New Census figures on Hispanics in US: over 50 million

Data from the 2010 US Census continues to trickle out (see stories on the shifting US mean population center, the growth in the multiracial population, and the population changes in places like Chicago). With almost all states accounted for, demographers expect that the Hispanic population in the United States has exceeded 50 million for the first time.
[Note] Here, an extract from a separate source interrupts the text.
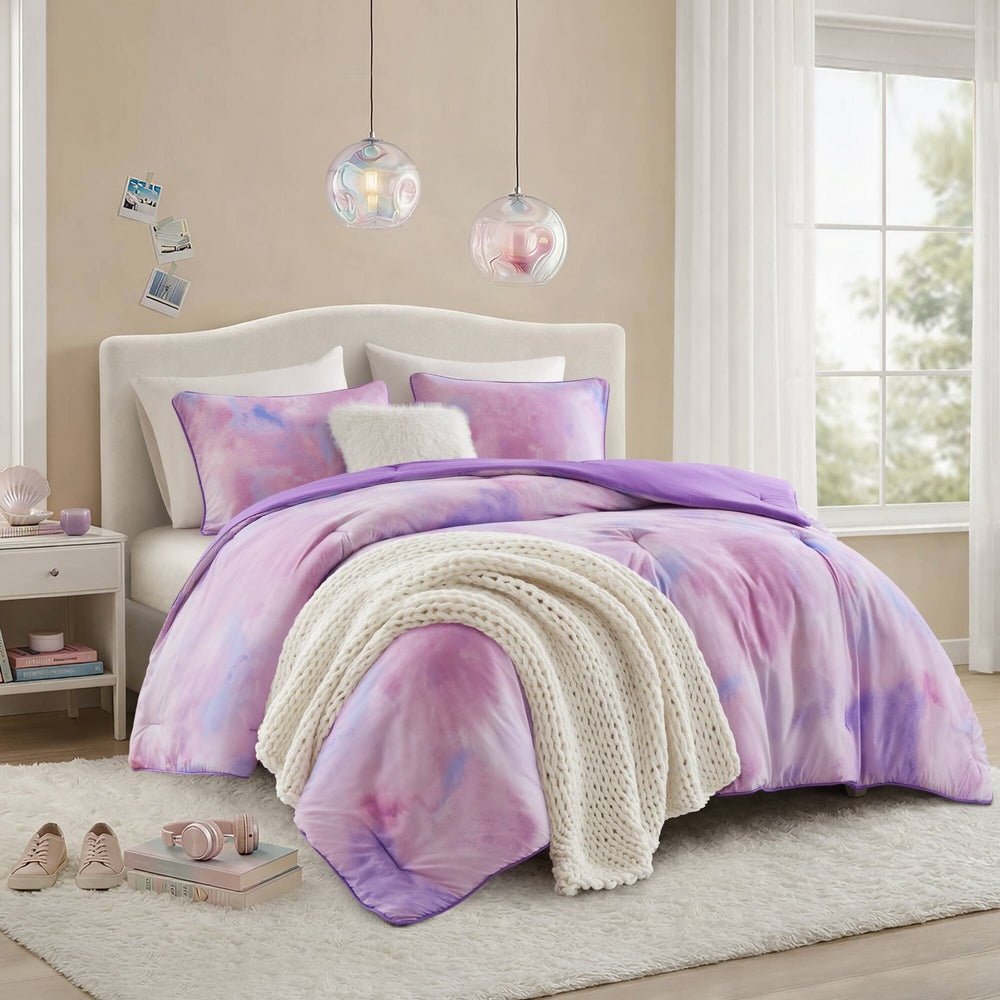 4 Pieces Full/Queen Watercolor Tie Dye Printed Comforter Set with Throw Pillow,Purple Media 18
The Hispanic population growth was also higher than expected for the last decade:

In a surprising show of growth, Hispanics accounted for more than half of the U.S. population increase over the last decade, exceeding estimates in most states…

Racial and ethnic minorities are expected to make up an unprecedented 90 percent of the total U.S. growth since 2000, due to immigration and higher birth rates for Latinos…

“This really is a transformational decade for the nation,” said William H. Frey, a demographer at Brookings Institution who has analyzed most of the 2010 data. “The 2010 census shows vividly how these new minorities are both leading growth in the nation’s most dynamic regions and stemming decline in others.”

Currently the fastest growing group, Hispanics now comprise 1 in 6 Americans; among U.S. children, Hispanics are roughly 1 in 4.

With relatively low birth rates for whites (though these rates are not as low as other industrialized nations such as Western Europe or Japan), most of the recent population growth in the United States is non-white.

I would really like to hear more experts comment on this sort of data. What do they expect America to be within a few decades? How will these figures affect social life, politics, work, culture, and more?